*** PROVIDED DATA Section Begins ***

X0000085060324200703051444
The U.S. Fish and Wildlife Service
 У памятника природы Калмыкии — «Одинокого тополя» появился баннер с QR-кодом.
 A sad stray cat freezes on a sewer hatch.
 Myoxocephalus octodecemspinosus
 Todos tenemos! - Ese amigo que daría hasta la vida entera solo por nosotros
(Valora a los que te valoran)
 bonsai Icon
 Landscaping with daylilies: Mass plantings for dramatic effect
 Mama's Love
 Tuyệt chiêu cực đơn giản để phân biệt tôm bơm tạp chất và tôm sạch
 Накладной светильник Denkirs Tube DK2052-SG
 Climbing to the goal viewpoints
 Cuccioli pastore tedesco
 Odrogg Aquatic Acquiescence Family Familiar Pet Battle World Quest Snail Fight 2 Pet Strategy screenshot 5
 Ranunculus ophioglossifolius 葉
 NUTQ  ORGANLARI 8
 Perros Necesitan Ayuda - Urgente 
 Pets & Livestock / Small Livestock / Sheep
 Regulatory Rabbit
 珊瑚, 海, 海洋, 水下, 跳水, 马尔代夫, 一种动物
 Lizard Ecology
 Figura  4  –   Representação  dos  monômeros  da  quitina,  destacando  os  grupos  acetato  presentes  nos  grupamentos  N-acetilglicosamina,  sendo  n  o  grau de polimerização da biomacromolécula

*** PROVIDED DATA Section Ends ***

> **TASK DETAILS**: Go to the line in the listing above that has "Pets & Livestock / Small Livestock / Sheep" in it. Set down that line and each one after it, exactly.

> **TASK ANSWER**:
 Pets & Livestock / Small Livestock / Sheep
 Regulatory Rabbit
 珊瑚, 海, 海洋, 水下, 跳水, 马尔代夫, 一种动物
 Lizard Ecology
 Figura  4  –   Representação  dos  monômeros  da  quitina,  destacando  os  grupos  acetato  presentes  nos  grupamentos  N-acetilglicosamina,  sendo  n  o  grau de polimerização da biomacromolécula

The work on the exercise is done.